The what would you do concept is as old as dirt and unfortunately 13 Sins doesn’t add much to it. The general concept behind this version is that there is a secret organization that has been running this game for hundreds of years, seeing how far human beings will go just for fun. It could be interesting, but 13 Sins squanders it by feeling mostly pedantic throughout. While director Daniel Stamm keeps things moving well enough the movie never elevates into true tension. Even when the situations Webber finds himself in push into absurdity and Stamm smartly veers the tone of the movie into a sort of surrealistic slant its not enough to really pull you into the entire concept.
The issues really arise when the film starts to deliver its twist and turns, thinking its far more clever than it actually is. The film’s unfolding plot isn’t constructed well enough to truly deliver a great ending and the character development, especially Perlman’s, leads to an ending that’s more disappointing than a revelation.

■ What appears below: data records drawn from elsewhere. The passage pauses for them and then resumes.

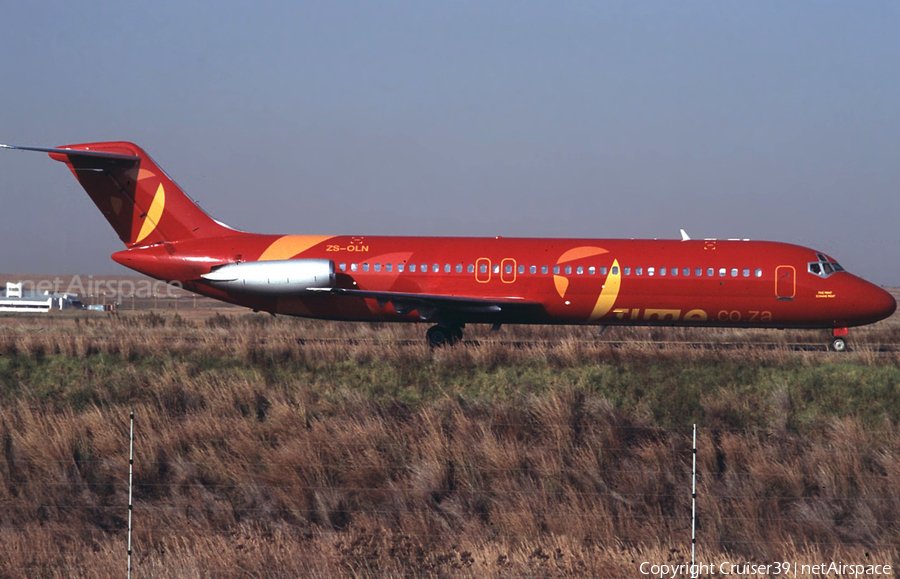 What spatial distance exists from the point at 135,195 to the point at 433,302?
934 centimetres

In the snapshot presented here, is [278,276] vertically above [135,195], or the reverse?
Result: [135,195]

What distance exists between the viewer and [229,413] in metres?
15.8

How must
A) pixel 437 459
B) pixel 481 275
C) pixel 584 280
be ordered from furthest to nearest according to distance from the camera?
pixel 481 275 < pixel 584 280 < pixel 437 459

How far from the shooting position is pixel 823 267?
24.6 metres

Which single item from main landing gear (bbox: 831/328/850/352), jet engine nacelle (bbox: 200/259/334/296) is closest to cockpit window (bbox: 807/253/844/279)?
main landing gear (bbox: 831/328/850/352)

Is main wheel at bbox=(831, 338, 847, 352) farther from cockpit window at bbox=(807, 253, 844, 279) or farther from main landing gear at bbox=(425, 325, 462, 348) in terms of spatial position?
main landing gear at bbox=(425, 325, 462, 348)

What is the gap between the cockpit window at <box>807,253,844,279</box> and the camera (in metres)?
24.5

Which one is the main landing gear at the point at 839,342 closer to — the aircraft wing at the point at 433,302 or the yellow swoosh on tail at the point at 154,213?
the aircraft wing at the point at 433,302

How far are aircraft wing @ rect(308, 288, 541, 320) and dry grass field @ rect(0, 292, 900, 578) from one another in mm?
3134

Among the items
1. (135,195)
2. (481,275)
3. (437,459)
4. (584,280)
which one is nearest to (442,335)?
(481,275)

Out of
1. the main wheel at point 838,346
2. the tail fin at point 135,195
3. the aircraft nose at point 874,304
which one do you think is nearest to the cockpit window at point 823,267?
the aircraft nose at point 874,304

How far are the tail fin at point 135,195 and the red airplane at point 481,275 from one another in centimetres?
3

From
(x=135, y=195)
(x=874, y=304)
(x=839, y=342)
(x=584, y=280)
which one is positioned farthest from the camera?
(x=135, y=195)

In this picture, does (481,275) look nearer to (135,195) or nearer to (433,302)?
(433,302) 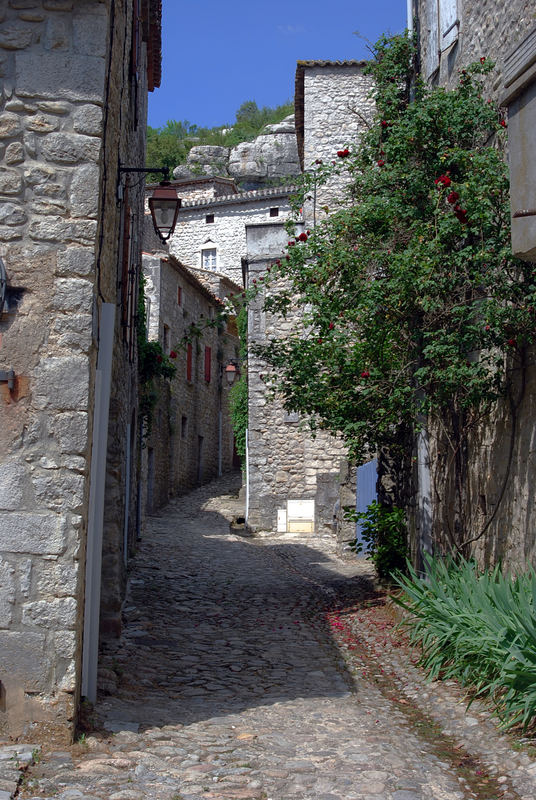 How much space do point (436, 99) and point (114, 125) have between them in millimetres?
3257

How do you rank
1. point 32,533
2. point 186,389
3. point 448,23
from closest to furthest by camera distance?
point 32,533, point 448,23, point 186,389

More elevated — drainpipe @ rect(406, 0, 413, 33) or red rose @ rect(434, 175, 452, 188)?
drainpipe @ rect(406, 0, 413, 33)

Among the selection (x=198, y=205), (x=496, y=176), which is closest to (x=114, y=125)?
(x=496, y=176)

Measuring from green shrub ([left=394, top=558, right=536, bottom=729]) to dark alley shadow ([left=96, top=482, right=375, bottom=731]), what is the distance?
0.71 m

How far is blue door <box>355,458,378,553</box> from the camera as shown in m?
11.6

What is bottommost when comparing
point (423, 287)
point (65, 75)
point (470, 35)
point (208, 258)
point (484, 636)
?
point (484, 636)

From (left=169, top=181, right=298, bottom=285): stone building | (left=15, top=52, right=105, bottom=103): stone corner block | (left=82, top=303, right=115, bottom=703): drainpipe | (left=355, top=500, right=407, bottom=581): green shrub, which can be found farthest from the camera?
(left=169, top=181, right=298, bottom=285): stone building

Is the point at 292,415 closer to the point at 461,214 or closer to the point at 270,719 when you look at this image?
the point at 461,214

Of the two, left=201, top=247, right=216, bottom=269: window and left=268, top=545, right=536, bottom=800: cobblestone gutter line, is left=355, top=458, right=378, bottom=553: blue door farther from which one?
left=201, top=247, right=216, bottom=269: window

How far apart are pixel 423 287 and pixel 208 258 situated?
29390 mm

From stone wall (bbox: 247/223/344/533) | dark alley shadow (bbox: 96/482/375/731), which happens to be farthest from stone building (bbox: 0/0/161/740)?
→ stone wall (bbox: 247/223/344/533)

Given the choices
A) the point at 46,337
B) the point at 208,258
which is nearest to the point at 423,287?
the point at 46,337

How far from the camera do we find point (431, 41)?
9.28 meters

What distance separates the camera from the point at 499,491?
7.03 m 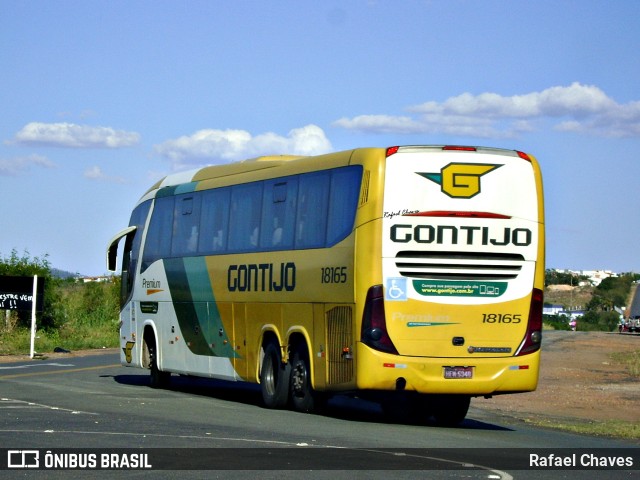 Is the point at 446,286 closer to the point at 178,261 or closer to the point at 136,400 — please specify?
the point at 136,400

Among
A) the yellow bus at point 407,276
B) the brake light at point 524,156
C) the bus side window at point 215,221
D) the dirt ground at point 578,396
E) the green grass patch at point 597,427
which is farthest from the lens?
the dirt ground at point 578,396

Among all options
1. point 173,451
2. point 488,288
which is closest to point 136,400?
point 488,288

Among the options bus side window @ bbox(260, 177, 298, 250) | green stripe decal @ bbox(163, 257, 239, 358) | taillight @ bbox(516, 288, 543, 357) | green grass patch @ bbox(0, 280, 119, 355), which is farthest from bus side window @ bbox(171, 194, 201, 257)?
green grass patch @ bbox(0, 280, 119, 355)

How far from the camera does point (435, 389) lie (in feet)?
57.6

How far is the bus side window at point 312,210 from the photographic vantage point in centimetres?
1883

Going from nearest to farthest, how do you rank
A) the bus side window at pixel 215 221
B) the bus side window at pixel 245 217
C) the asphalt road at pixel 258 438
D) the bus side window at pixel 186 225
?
the asphalt road at pixel 258 438
the bus side window at pixel 245 217
the bus side window at pixel 215 221
the bus side window at pixel 186 225

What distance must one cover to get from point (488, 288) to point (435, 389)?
5.27 ft

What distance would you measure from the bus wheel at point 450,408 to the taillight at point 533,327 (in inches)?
62.6

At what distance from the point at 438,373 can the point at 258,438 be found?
3781 millimetres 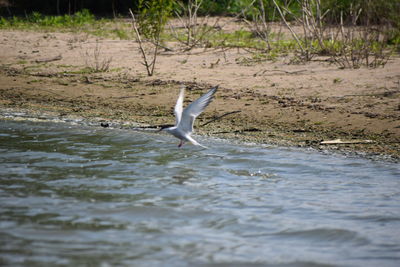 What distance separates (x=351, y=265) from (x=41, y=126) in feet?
21.4

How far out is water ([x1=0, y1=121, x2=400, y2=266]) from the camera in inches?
218

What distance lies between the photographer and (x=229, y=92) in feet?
36.8

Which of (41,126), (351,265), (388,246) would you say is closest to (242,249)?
(351,265)

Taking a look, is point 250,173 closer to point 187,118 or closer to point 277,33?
point 187,118

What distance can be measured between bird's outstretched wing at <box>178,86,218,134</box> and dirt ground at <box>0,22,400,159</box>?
145 cm

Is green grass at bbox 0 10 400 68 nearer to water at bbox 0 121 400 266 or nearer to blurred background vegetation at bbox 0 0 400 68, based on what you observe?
blurred background vegetation at bbox 0 0 400 68

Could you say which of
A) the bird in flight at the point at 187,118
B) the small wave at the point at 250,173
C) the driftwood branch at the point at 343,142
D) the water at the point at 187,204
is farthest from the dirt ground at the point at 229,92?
the bird in flight at the point at 187,118

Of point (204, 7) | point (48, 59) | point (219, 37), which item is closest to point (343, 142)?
point (48, 59)

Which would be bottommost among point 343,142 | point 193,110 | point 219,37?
point 343,142

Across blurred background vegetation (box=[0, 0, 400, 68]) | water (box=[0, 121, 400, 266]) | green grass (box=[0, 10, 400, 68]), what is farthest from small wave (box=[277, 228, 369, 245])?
green grass (box=[0, 10, 400, 68])

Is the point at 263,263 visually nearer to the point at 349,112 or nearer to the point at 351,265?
the point at 351,265

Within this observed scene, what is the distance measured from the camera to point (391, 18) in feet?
48.9

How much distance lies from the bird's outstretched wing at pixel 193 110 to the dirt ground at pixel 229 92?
1.45 m

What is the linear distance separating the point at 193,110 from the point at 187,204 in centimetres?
161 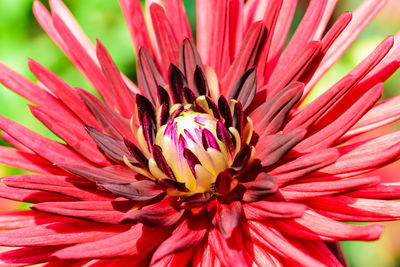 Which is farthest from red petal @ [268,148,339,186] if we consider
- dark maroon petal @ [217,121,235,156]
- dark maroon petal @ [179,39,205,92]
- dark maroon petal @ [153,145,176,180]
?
dark maroon petal @ [179,39,205,92]

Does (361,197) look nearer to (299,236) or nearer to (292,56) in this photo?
(299,236)

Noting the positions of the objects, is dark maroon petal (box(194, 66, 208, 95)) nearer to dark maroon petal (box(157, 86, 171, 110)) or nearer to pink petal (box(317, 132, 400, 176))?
dark maroon petal (box(157, 86, 171, 110))

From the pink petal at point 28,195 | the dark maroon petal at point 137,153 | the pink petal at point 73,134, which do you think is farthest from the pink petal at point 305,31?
the pink petal at point 28,195

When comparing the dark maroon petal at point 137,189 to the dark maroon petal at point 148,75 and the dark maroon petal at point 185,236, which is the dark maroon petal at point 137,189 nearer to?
the dark maroon petal at point 185,236

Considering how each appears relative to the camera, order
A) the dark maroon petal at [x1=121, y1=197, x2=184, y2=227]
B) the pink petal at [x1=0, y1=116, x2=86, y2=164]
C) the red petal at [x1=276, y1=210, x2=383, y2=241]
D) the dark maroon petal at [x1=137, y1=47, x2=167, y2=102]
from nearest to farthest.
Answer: the red petal at [x1=276, y1=210, x2=383, y2=241]
the dark maroon petal at [x1=121, y1=197, x2=184, y2=227]
the pink petal at [x1=0, y1=116, x2=86, y2=164]
the dark maroon petal at [x1=137, y1=47, x2=167, y2=102]

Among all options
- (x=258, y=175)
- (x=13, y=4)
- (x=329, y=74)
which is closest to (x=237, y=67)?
(x=258, y=175) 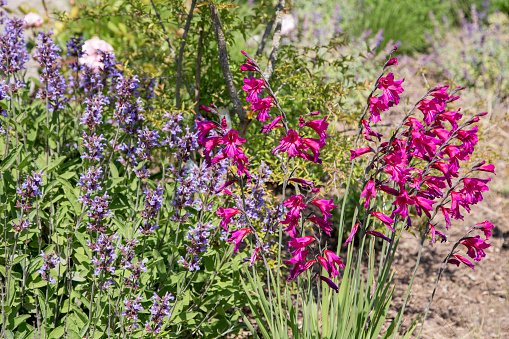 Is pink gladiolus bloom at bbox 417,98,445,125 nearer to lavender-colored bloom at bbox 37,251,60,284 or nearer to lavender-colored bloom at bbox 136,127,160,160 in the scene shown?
lavender-colored bloom at bbox 136,127,160,160

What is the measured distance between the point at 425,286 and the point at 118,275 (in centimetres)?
229

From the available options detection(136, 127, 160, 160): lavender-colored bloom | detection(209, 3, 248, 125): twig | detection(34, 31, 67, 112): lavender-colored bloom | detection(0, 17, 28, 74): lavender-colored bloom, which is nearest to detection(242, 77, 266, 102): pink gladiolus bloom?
detection(136, 127, 160, 160): lavender-colored bloom

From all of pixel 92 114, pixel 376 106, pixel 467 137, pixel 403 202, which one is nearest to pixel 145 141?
pixel 92 114

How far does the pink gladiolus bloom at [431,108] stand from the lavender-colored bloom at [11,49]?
6.62 feet

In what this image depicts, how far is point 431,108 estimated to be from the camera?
5.34 feet

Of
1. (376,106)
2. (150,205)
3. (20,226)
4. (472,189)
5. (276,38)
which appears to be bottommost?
(20,226)

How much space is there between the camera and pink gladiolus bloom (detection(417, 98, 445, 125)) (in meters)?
1.62

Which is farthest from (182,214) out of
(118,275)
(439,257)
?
(439,257)

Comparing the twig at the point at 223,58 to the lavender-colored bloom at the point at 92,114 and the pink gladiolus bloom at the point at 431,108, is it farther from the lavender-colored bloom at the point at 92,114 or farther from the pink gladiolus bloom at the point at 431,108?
the pink gladiolus bloom at the point at 431,108

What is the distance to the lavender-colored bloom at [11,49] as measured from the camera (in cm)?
236

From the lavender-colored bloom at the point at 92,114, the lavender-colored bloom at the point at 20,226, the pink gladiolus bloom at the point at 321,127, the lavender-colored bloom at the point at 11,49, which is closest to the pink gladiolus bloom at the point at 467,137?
the pink gladiolus bloom at the point at 321,127

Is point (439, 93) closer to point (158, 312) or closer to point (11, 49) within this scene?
point (158, 312)

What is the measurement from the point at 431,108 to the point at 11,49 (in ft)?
7.09

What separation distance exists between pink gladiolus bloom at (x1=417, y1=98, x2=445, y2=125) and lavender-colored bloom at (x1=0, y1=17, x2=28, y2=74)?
79.5 inches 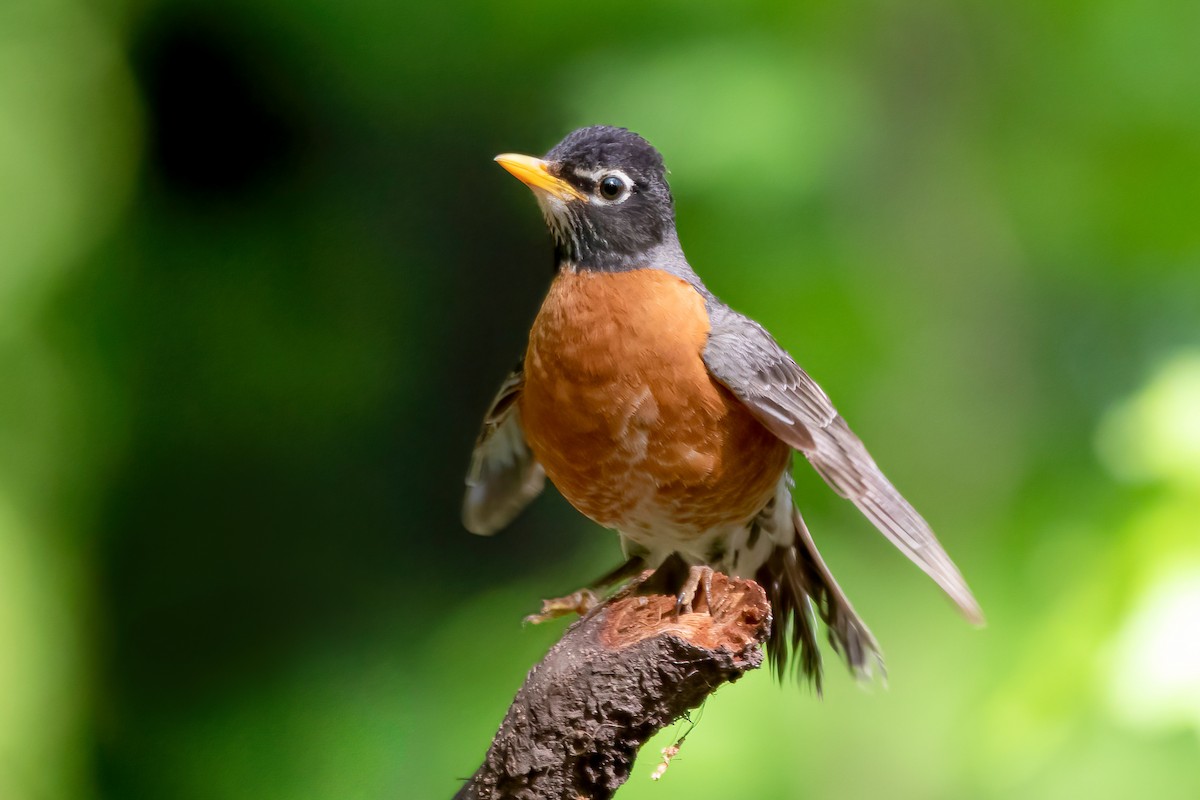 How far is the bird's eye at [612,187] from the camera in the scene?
1791mm

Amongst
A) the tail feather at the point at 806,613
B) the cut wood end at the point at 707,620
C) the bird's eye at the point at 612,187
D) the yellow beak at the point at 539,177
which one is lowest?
the cut wood end at the point at 707,620

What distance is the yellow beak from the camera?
68.1 inches

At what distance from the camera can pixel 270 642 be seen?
2.41m

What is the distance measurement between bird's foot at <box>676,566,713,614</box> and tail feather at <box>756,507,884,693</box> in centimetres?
63

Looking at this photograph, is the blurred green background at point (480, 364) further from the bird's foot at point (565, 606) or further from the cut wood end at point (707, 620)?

Even with Perlman and Webber delivering strong performances there’s just no hook to grab you and make the film special.
While the move does have some visually striking moments, and a fantastic mobed kill to push it into slasher territory it can’t put its interesting pieces together into something that thrills or scares. Even the sociological ideas behind the film don’t present themselves strong enough, especially as the too sappy ending crashes much of what the film has tried to establish about how far we as humans will go when pushed. It’s a tepid attempt to say something that has some of the right ideas, but none of the right execution.